Born on January 19, 1839 in Aix-en-Provence, France, Paul Cézanne is considered by many to be one of the most important painters of the second half of the 19th century. From 1849 – 1852, he studied at the Ecole Saint-Joseph and from 1852 to 1858 at the Collège Bourbon. In 1857 he attended the Ecole Municipale de Dessin in Aix-en-Provence, where he studied under Joseph Gibert. In 1859, to satisfy his father’s wishes, he began to study law at the Université d’Aix. He also attended the Ecole Municipale de Dessin again from 1858 – 1861. In 1861 Cézanne abandoned his law studies and moved to Paris to pursue his career as a painter.

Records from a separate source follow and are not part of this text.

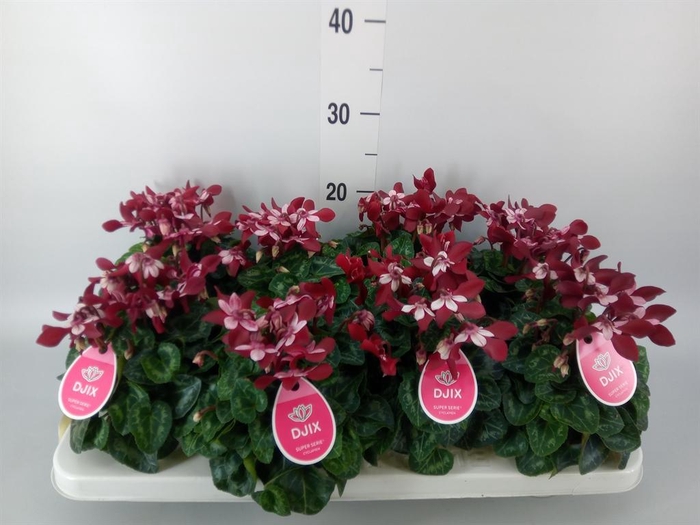 <h4>Cyclamen KL 'Djix'</h4>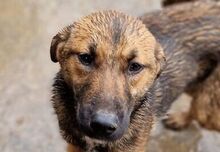 MARIOLA, Hund, Mischlingshund in Rumänien - Bild 1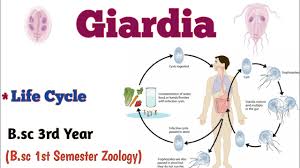 giardia b sc 1st semester giardia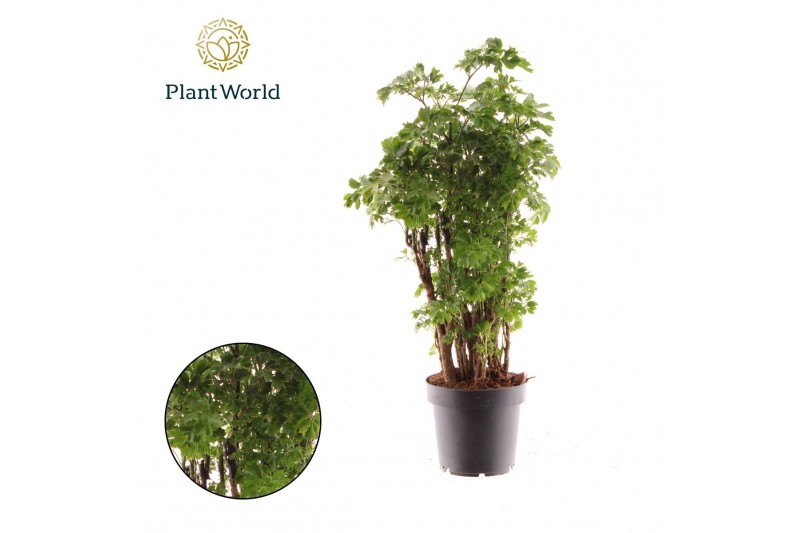 Polycias roble Polyscias Roble 1 pp 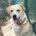 Petro Zorro Dogsavior Jul25 Beitragsbild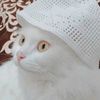 alihaiderba3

In 1862 Cézanne met Claude Monet and Pierre-Auguste Renoir with whom he formed lasting friendships. In 1863, his paintings were shown in the Salon des Refusés, which exhibited works rejected by the Paris Salon. The Salon rejected all of Cézanne’s submissions between 1864 to 1869.
With the onset of the Franco-Prussian War in 1870, Cézanne returned to Aix-en-Provence and then L’Estaque, where he continued painting. In the 1870’s he was influenced by Impressionism, particularly the work of Camille Pissarro. Like the Impressionists, Cézanne considered the study of nature essential to painting, however, he opposed many aspects of the Impressionist aesthetic. “Believing colour and form to be inseparable, he tried to emphasize structure and solidity in his work, features he thought neglected by Impressionism. For this reason he was a central figure in Post-impressionism.” In 1874, he participated in the first Impressionist Exhibition, as well as the third in 1877.
In 1882 the Salon accepted his work for the first and only time. Beginning in 1883 Cézanne lived in the South of France, returning to Paris occasionally. Cézanne’s first solo show was held at Ambroise Vollard’s gallery in Paris in 1895. Following that exhibition, his recognition increased, and in 1899 he participated in the Salon des Indépendants in Paris. In 1900 he participated in the Centennial Exhibition in Paris and, in 1903, the Berlin and Vienna Secessions. In 1904 he exhibited at the Salon d’Automne, Paris and had a solo exhibition at the Galerie Cassirer in Berlin.
Between 1883 and 1895, Cézanne’s paintings accented mass and structure, and his composition therefore became more architectural. His move away from Impressionism stemmed from his belief that a painter must interpret as well as record the scene before him. His brushstrokes became broader and thicker, and the use of a palette knife was sometimes evident.
In the final years of Cézanne’s life, many of his landscapes “emphasized the rough appearance of sites, mixing wild vegetation with rocks in unusual, asymmetric framing. His composition became less serene and his colour more violent.” In several works, parts of the canvas were left bare and were painted with highly diluted oils. His fascination with nature continued but “the objective sought is no longer to describe reality but to express a spiritual concept”.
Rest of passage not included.